(Pictures with short captions)
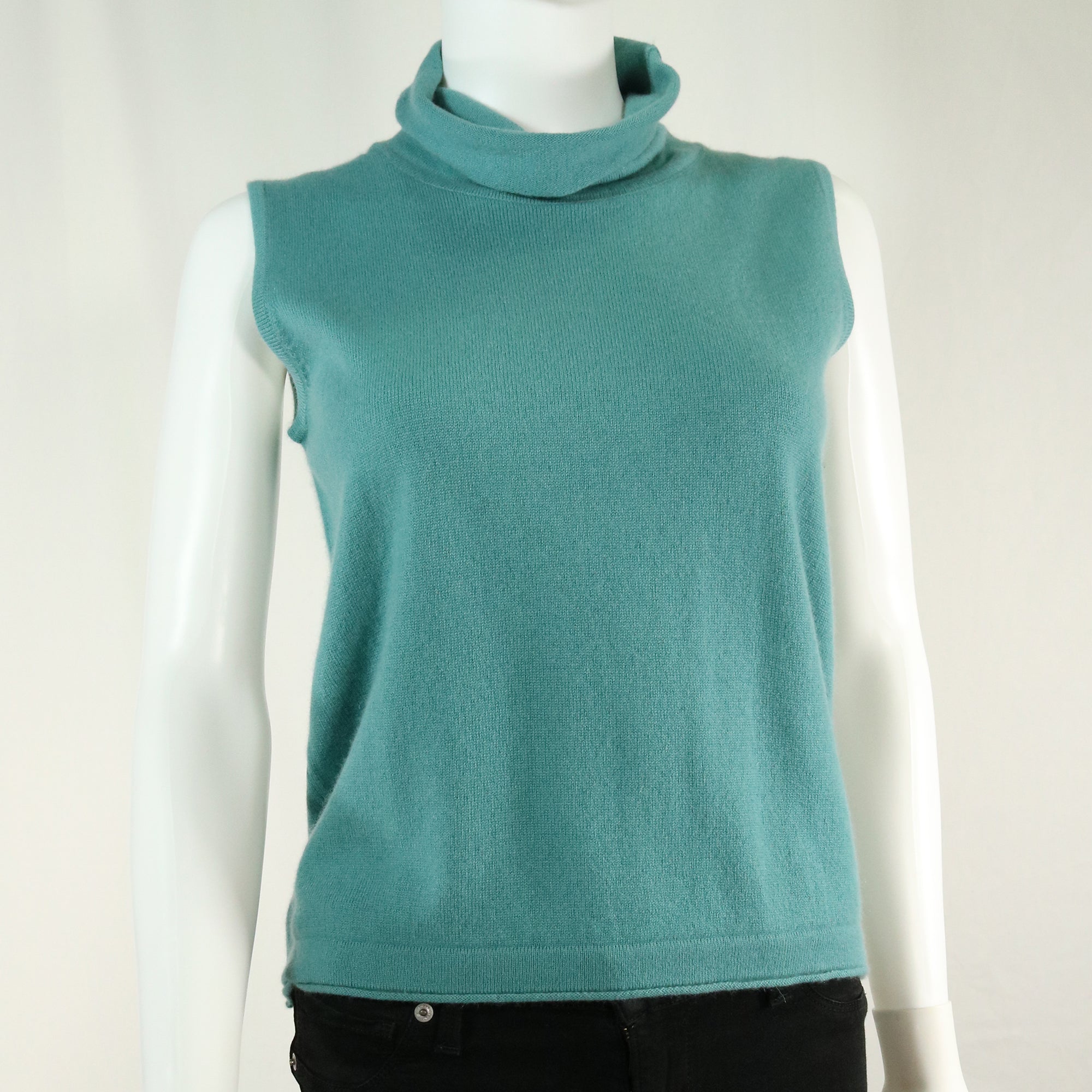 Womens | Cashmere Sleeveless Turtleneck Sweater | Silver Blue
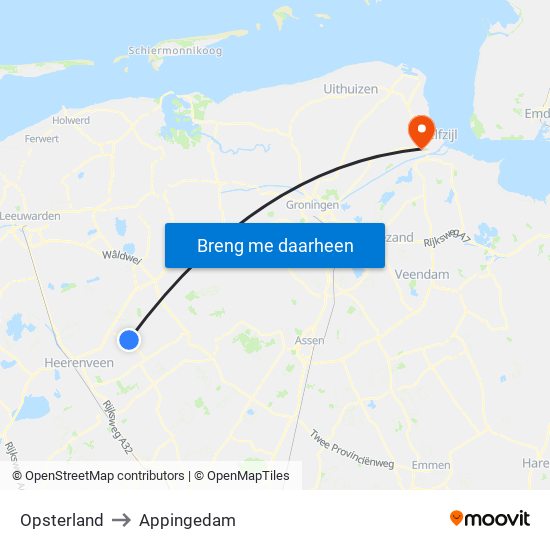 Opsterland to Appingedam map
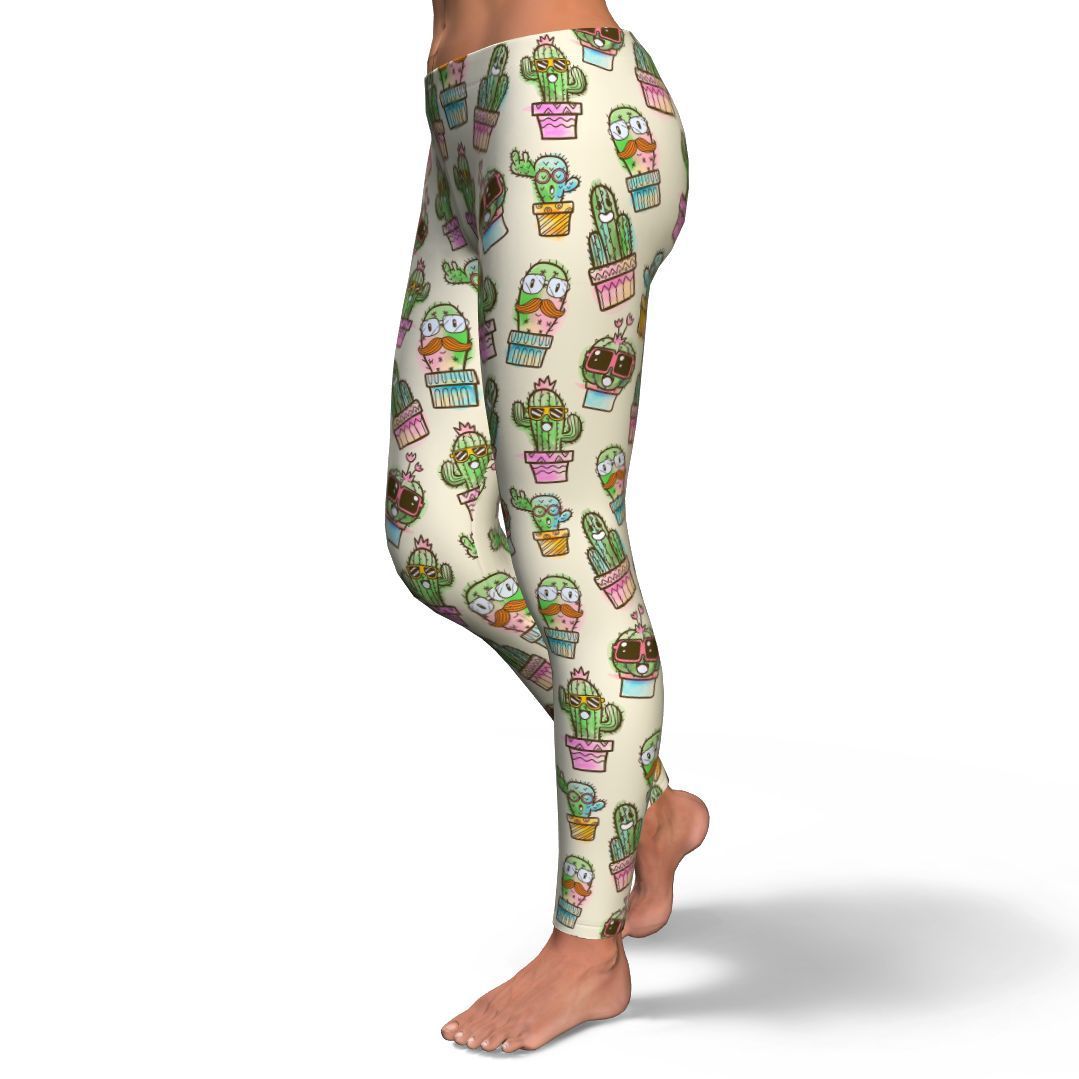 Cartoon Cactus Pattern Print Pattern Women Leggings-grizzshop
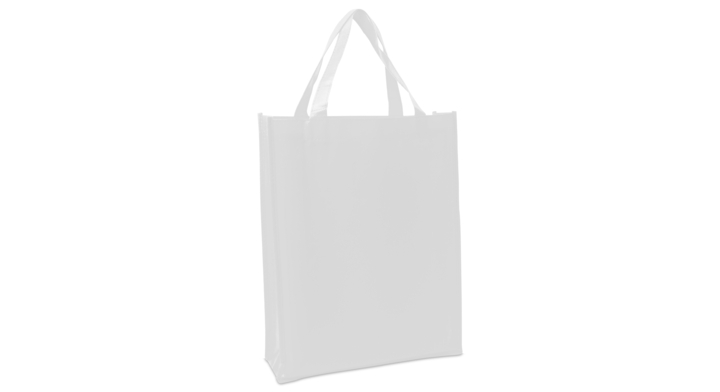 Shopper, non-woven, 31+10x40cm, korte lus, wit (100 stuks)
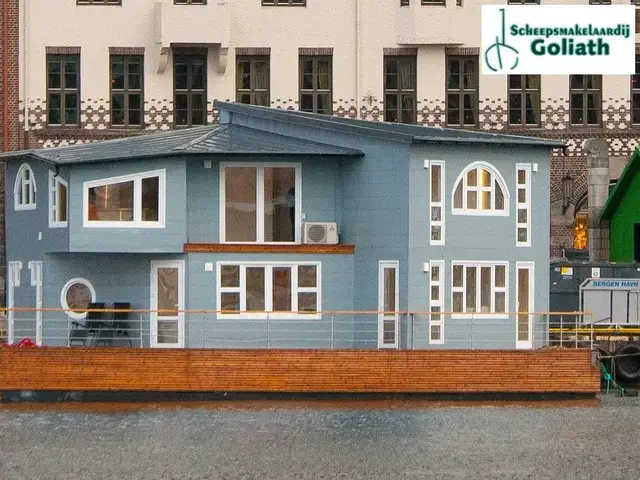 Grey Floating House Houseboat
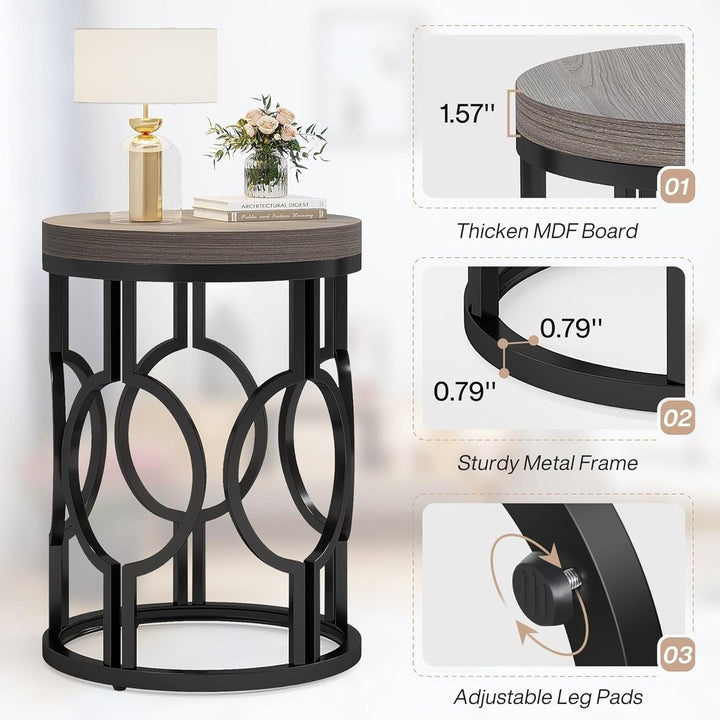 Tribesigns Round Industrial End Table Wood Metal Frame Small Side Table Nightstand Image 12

◆ **Task brief**
Return all the entries word for word, but omit any pictures they contain.

◆ **Written solution**
 Womens | Cashmere Sleeveless Turtleneck Sweater | Silver Blue
 Opsterland to Appingedam map
 Cartoon Cactus Pattern Print Pattern Women Leggings-grizzshop
 Shopper, non-woven, 31+10x40cm, korte lus, wit (100 stuks)
 Grey Floating House Houseboat
 Tribesigns Round Industrial End Table Wood Metal Frame Small Side Table Nightstand Image 12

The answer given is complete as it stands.